Reproduce exactly the opening lines of the listing, stopping after the line that contains "2021 Toyota C-HR - photo 19" and including it.

• _Given entries_
[Start of section]

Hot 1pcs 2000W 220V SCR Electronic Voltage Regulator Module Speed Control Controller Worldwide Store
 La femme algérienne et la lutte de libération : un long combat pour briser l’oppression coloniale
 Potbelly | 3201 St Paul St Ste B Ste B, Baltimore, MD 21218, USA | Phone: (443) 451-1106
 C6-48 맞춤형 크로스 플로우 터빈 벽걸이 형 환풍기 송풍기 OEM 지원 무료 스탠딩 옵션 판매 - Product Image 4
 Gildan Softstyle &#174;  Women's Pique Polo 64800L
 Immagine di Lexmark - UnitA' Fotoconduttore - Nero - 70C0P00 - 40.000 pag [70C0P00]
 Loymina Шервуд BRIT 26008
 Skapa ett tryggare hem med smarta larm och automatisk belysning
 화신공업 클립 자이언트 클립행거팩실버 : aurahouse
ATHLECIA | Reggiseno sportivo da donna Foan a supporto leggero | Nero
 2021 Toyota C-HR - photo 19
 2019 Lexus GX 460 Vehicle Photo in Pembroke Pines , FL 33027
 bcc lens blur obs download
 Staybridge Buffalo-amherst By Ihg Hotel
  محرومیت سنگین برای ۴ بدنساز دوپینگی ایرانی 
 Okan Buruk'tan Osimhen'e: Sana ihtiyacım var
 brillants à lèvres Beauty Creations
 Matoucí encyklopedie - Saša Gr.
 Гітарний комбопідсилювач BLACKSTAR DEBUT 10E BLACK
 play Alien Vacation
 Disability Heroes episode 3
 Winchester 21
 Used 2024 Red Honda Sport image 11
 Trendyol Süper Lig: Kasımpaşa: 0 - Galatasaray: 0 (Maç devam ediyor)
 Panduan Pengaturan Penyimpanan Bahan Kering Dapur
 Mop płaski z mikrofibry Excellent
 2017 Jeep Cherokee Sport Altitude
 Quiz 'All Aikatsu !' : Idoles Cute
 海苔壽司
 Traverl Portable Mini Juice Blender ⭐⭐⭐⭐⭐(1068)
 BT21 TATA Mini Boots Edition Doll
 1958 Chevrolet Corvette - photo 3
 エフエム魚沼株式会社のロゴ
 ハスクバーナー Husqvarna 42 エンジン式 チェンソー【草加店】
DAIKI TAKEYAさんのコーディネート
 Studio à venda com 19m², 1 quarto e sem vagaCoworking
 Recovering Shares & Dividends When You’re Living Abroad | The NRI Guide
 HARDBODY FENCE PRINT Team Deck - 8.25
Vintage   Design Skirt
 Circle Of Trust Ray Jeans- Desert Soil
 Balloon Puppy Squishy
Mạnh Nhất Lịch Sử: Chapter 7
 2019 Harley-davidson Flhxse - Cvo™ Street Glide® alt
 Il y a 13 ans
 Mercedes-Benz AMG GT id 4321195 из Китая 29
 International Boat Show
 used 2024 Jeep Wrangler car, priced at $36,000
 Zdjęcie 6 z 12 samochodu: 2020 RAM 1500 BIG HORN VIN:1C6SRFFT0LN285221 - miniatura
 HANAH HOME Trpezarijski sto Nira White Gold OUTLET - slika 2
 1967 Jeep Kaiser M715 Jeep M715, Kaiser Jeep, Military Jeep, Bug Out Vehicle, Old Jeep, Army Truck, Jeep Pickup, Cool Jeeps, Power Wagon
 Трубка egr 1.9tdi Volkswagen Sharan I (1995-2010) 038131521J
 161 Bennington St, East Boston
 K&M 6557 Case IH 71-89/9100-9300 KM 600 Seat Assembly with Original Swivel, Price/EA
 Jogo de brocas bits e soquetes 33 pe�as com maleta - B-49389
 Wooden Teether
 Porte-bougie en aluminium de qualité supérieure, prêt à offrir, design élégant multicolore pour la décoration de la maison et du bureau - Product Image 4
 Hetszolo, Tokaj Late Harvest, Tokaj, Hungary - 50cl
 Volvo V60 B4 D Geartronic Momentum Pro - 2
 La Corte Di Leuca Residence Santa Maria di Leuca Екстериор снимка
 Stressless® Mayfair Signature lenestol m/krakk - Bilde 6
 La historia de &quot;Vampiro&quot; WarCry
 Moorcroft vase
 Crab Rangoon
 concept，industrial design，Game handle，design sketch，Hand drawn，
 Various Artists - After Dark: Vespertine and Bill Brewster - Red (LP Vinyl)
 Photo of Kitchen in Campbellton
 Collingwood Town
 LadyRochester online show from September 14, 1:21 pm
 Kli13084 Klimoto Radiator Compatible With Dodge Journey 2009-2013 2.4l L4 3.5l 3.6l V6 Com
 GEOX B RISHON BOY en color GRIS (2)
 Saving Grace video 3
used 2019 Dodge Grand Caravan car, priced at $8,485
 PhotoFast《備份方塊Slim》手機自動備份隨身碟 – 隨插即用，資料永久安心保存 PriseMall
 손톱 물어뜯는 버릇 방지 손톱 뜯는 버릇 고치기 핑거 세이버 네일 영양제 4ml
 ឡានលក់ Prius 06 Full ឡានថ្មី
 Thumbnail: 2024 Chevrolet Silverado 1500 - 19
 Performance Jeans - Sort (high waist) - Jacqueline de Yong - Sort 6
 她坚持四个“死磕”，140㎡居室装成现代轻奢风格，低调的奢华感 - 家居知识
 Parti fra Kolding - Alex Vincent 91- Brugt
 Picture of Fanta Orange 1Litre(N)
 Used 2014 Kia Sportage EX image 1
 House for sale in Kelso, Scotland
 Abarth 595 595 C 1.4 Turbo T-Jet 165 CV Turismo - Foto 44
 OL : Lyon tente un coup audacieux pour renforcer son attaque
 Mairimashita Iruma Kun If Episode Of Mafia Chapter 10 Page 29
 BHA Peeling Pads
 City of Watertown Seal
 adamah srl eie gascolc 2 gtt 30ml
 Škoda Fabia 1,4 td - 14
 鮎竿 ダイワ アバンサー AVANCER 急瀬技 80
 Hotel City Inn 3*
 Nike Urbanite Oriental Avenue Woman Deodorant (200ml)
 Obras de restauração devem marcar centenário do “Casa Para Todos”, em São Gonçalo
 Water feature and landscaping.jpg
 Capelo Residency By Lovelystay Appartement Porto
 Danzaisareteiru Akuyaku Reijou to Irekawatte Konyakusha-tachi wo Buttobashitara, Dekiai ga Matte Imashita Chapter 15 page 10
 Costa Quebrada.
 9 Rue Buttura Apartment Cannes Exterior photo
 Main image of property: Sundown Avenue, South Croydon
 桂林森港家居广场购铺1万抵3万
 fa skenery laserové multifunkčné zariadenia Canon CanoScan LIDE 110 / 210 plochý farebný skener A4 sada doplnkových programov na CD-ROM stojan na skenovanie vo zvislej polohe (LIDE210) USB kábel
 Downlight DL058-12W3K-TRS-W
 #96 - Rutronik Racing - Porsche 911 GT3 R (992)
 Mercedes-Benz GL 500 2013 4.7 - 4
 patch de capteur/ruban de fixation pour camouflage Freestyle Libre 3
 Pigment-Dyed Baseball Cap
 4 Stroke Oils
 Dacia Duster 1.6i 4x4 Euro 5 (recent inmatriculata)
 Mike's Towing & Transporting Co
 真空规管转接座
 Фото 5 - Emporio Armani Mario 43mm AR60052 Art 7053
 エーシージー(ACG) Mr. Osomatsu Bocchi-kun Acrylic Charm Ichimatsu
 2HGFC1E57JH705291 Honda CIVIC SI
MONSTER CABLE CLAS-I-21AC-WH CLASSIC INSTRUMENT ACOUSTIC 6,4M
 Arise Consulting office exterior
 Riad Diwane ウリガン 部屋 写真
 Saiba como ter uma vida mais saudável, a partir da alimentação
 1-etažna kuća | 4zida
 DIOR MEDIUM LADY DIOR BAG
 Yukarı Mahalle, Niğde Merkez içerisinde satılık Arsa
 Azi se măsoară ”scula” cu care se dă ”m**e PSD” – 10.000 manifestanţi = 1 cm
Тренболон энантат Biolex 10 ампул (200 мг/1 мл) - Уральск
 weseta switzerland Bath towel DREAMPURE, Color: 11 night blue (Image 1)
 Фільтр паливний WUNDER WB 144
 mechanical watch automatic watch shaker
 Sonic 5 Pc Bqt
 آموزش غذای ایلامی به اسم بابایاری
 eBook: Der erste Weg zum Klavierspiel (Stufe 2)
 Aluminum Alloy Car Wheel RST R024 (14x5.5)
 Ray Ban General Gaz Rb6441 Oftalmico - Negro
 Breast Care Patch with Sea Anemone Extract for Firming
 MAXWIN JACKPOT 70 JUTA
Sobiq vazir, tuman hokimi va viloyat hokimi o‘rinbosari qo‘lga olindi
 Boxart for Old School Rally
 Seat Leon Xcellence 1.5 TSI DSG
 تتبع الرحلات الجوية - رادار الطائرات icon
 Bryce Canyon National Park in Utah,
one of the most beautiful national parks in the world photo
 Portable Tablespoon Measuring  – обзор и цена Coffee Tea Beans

[End of section]

• _Answer box_
Hot 1pcs 2000W 220V SCR Electronic Voltage Regulator Module Speed Control Controller Worldwide Store
 La femme algérienne et la lutte de libération : un long combat pour briser l’oppression coloniale
 Potbelly | 3201 St Paul St Ste B Ste B, Baltimore, MD 21218, USA | Phone: (443) 451-1106
 C6-48 맞춤형 크로스 플로우 터빈 벽걸이 형 환풍기 송풍기 OEM 지원 무료 스탠딩 옵션 판매 - Product Image 4
 Gildan Softstyle &#174;  Women's Pique Polo 64800L
 Immagine di Lexmark - UnitA' Fotoconduttore - Nero - 70C0P00 - 40.000 pag [70C0P00]
 Loymina Шервуд BRIT 26008
 Skapa ett tryggare hem med smarta larm och automatisk belysning
 화신공업 클립 자이언트 클립행거팩실버 : aurahouse
ATHLECIA | Reggiseno sportivo da donna Foan a supporto leggero | Nero
 2021 Toyota C-HR - photo 19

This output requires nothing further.